В этом смысле поразительна по неосознанной, полагаю, откровенности сравнительно недавно изданная книжка воспоминаний моей коллеги по работе в Ленинской библиотеке Н.И. Тюлиной «Дома и на чужбине. Записки библиотекаря со счастливой судьбой» (М., 1999).
Неосведомленный читатель не найдет в ней ровно ничего, что показало бы ему то тяжкое для культуры время, на которое пришлась «счастливая судьба» автора. Невозможно понять, что все, о чем она вспоминает, происходило в той самой библиотеке, где в спецхран отправлялись целые пласты литературы, где читателя последовательно и сознательно оставляли в неведении или создавали у него искаженное представление об исторических событиях, науке и культуре. В главной библиотеке Союза, вносившей важный вклад в дело культуры, но в то же время, именно вследствие своей центральной роли, служившей проводником всего того, что проделывала с ней власть.
Все мы, работавшие там, в той или иной степени к этому причастны, и признаваться в этом больно, но необходимо.
Ведь нашей библиотеке мало было спецхрана — даже в научных читальных залах существовал, кроме этого, «политконтроль», доверенный совсем уже оголтелым «старым большевикам», не видевшим необходимости перестраиваться даже во время «оттепели» (таким, например, как М.К. Бубнова и Е.Ф. Арсеньева).
Вспоминаю одно свое объяснение, уже в 60-х годах, с Е.Ф. Арсеньевой, известным всей библиотеке цербером, «бабой Дусей». Я пришла к ней, когда постоянно занимавшийся в Отделе рукописей известный историк А.И. Клибанов пожаловался на трудности с получением в 3-м научном зале нужных ему книг.
— Да, не выдавала и не выдам, — сказала мне баба Дуся, уверенная в своем праве на подобный произвол.
— Но почему? На каком основании? — настаивала я.
— Он проявляет подозрительный интерес к религиозной литературе, — был ответ.
— Но это его специальность! Он пишет книгу по истории религии и церкви в нашей стране.

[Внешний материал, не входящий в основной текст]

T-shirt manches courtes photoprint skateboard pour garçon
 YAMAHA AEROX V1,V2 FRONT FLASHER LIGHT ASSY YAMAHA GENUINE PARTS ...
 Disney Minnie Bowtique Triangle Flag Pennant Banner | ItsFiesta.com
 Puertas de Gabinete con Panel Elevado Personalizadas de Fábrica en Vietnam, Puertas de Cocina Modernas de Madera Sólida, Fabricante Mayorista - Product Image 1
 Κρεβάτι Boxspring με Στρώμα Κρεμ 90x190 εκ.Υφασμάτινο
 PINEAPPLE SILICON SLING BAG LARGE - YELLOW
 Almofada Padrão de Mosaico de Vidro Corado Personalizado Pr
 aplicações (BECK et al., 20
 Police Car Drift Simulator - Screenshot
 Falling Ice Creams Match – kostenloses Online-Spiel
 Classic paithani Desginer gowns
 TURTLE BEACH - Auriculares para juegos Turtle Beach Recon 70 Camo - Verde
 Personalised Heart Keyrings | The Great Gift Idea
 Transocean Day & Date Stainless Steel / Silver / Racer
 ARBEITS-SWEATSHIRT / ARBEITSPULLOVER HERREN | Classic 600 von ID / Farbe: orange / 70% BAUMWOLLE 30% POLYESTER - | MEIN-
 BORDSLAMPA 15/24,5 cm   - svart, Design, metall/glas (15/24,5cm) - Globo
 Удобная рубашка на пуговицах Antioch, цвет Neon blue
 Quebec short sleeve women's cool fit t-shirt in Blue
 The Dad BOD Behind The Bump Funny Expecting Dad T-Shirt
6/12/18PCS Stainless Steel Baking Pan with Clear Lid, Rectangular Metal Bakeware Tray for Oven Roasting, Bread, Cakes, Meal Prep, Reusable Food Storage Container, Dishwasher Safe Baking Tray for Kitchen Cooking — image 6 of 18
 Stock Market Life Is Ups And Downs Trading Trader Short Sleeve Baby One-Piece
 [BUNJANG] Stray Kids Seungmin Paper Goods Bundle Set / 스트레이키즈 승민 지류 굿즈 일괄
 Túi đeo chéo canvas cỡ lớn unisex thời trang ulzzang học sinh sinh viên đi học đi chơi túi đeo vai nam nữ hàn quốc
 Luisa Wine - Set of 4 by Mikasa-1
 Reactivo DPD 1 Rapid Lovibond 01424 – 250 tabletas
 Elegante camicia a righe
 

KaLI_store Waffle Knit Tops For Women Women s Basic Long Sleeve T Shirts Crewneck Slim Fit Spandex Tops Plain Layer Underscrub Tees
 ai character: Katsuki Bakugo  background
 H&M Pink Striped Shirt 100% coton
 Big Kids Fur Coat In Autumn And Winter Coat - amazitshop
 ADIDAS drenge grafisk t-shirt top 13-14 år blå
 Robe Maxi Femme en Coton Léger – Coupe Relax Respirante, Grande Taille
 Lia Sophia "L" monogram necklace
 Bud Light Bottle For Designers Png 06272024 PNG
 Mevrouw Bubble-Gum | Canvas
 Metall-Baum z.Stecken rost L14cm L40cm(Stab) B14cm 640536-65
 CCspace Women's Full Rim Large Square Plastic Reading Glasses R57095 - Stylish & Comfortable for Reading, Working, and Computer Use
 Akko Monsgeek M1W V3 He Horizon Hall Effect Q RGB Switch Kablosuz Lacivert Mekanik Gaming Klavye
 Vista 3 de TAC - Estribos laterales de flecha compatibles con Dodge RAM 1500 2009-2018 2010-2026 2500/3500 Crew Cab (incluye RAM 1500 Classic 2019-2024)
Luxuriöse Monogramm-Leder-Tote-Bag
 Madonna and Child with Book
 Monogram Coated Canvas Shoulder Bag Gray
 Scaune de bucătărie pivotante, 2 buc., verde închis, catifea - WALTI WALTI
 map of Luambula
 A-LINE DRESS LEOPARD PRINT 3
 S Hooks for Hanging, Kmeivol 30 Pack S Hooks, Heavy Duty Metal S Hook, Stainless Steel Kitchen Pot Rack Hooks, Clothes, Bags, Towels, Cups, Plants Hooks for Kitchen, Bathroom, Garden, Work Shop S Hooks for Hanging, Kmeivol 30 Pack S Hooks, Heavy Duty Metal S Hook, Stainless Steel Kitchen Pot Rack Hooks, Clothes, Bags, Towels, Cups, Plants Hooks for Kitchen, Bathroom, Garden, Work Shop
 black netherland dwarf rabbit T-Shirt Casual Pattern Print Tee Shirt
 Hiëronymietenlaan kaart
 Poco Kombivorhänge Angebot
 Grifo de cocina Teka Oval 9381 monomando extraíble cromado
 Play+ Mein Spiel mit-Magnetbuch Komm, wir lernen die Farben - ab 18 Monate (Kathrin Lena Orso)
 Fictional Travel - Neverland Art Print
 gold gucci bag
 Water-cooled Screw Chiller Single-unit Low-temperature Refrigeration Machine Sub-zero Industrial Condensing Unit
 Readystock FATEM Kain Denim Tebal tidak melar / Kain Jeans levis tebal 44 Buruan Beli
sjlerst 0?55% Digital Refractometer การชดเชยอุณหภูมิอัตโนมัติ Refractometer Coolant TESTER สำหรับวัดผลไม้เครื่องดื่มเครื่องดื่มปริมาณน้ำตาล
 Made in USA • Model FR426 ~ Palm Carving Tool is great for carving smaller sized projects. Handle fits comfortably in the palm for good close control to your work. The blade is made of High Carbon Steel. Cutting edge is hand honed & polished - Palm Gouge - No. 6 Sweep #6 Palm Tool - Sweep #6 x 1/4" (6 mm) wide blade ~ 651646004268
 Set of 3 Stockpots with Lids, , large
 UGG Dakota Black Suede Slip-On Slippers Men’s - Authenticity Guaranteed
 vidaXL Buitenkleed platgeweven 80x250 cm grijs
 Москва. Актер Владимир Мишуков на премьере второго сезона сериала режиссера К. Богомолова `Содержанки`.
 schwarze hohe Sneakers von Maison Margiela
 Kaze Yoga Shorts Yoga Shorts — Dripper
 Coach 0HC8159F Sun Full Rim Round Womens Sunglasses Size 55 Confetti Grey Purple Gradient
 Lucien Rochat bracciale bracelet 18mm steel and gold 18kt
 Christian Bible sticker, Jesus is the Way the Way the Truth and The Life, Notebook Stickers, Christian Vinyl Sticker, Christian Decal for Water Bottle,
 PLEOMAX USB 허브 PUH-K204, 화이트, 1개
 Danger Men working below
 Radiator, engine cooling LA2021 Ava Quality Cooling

— А это еще неизвестно, нужна ли нам такая книга, — упорствовала собеседница.
Правда, после нашего разговора она перестала притеснять Клибанова. Но какое множество других читателей пало жертвой творившегося в ее темных мозгах!
Ничего подобного нет в книге Тюлиной. Есть, в сущности, вполне простодушный рассказ о том, как комфортабельно чувствовала себя мемуаристка в те времена, будто не сталкиваясь с их уродством — это заведующая-то отделом, а потом заместитель директора библиотеки! О личности ее я еще скажу позднее.
А теперь, на закате дней, она может только со светлым чувством вспоминать о своей профессиональной судьбе, по-видимому искренно не видя истинной картины нашего общего прошлого. И самое грустное, что такие мемуары пишет не какой-нибудь гэбистский генерал-отставник, а действительно деятель культуры.
Пока же закончу о цензурной группе. Моей напарницей (мы работали в группе через день попарно) была Татьяна Александровна Беляева (она заведовала Отделом комплектования, но, может быть, позднее). Мы с ней дружили. Сидели мы в подвальном этаже близ конца туннеля, откуда нам приносили из ящиков книги. После нашего решения они отправлялись либо в отдел каталогизации, либо в спецхран. На время нашей работы никого в это помещение не допускали, и нас вполне устраивала такая изоляция. О прослушивании разговоров тогда и мысли не было — и мы могли говорить о чем угодно, отводя душу всласть. Мы не расходились в оценке того, что принуждены делать.
Зато о многом другом часто спорили. Мне, например, запомнился жаркий наш спор о будущем наших сыновей-подростков. Я как-то рассказывала Татьяне Александровне о своих семейных сложностях и прибавила, что извлекла из них серьезные уроки: когда мой сын вырастет и женится, я сделаю все, чтобы полюбить невестку и чтобы она видела во мне вторую мать (дочки у меня тогда еще не было). Моя собеседница, выслушав меня, пришла в негодование и с пылом воскликнула: «А я ее уже заранее ненавижу!»
Самое любопытное, что впоследствии обе наши позиции оказались реализованы: я действительно полюбила и невестку, и зятя, и они ко мне привязаны, а Татьяна Александровна дважды разводила сына с женами и навсегда испортила отношения с ним. В старости она была очень одинока.
К счастью, поток трофейной литературы вскоре закончился, и нашу цензурную группу распустили.